### DATA SUPPLIED
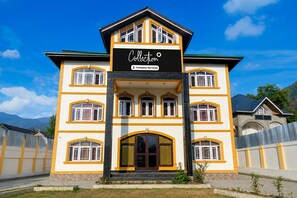 A multi-story building with a prominent entrance and a sign indicating it is company-serviced. - Deluxe Pine Hills (Srinagar)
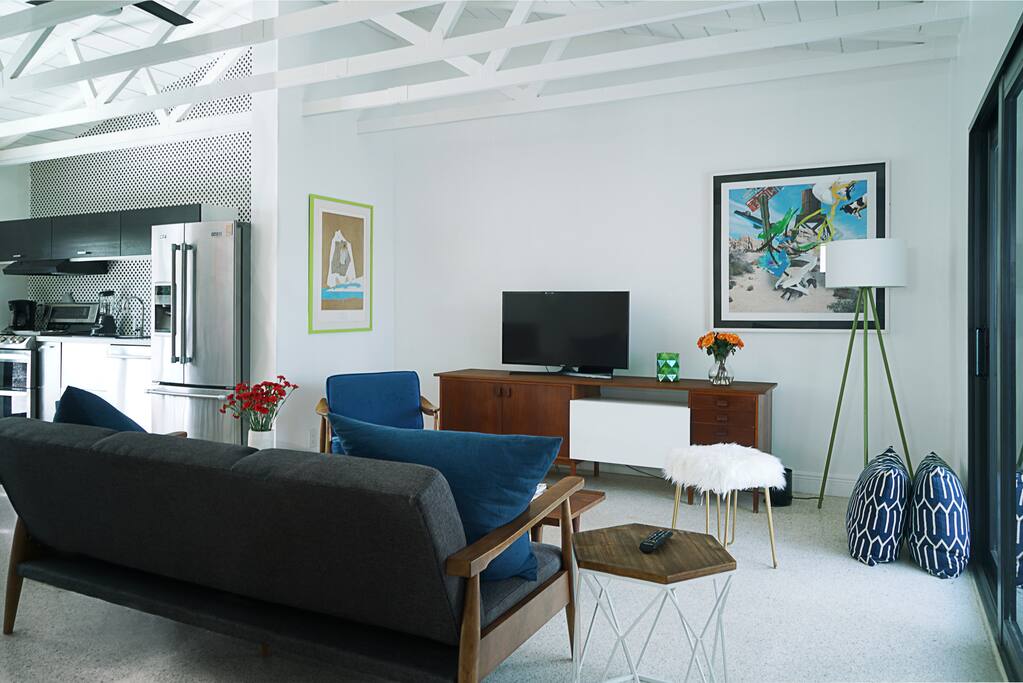 Living room furnished with great refurbished vintage Danish mid-century furnitures and Artworks from renowned pop and abstract artists.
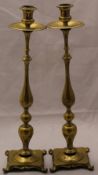 A pair of brass candlesticks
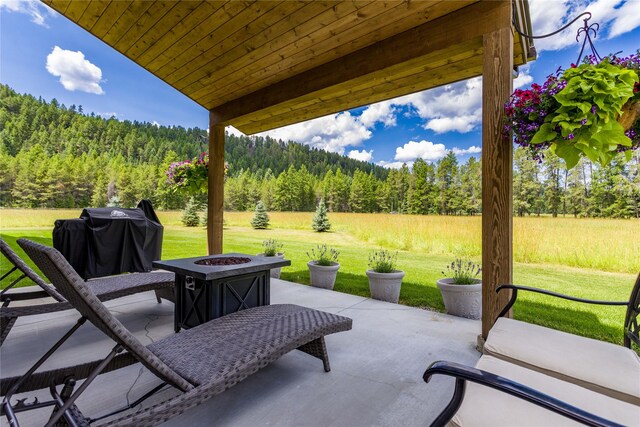 view of patio / terrace featuring a fire pit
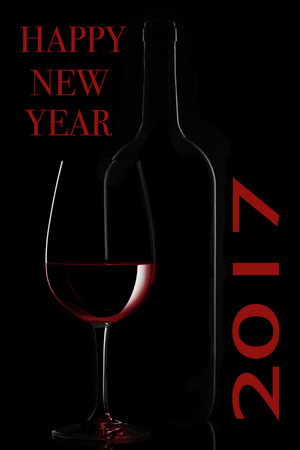 Red wine bottle and wine glass on black backgroundの写真素材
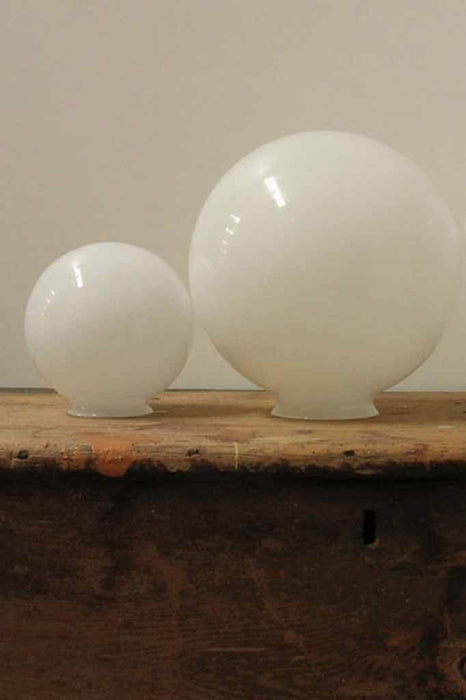 Small six inch and medium 10 inch size glass balls in opal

### WORK TO BE COMPLETED
Each line of the material needs to be given again exactly, without any of its pictures.

### YOUR RESPONSE
 A multi-story building with a prominent entrance and a sign indicating it is company-serviced. - Deluxe Pine Hills (Srinagar)
 Living room furnished with great refurbished vintage Danish mid-century furnitures and Artworks from renowned pop and abstract artists.
 A pair of brass candlesticks
 view of patio / terrace featuring a fire pit
 Red wine bottle and wine glass on black backgroundの写真素材
 Small six inch and medium 10 inch size glass balls in opal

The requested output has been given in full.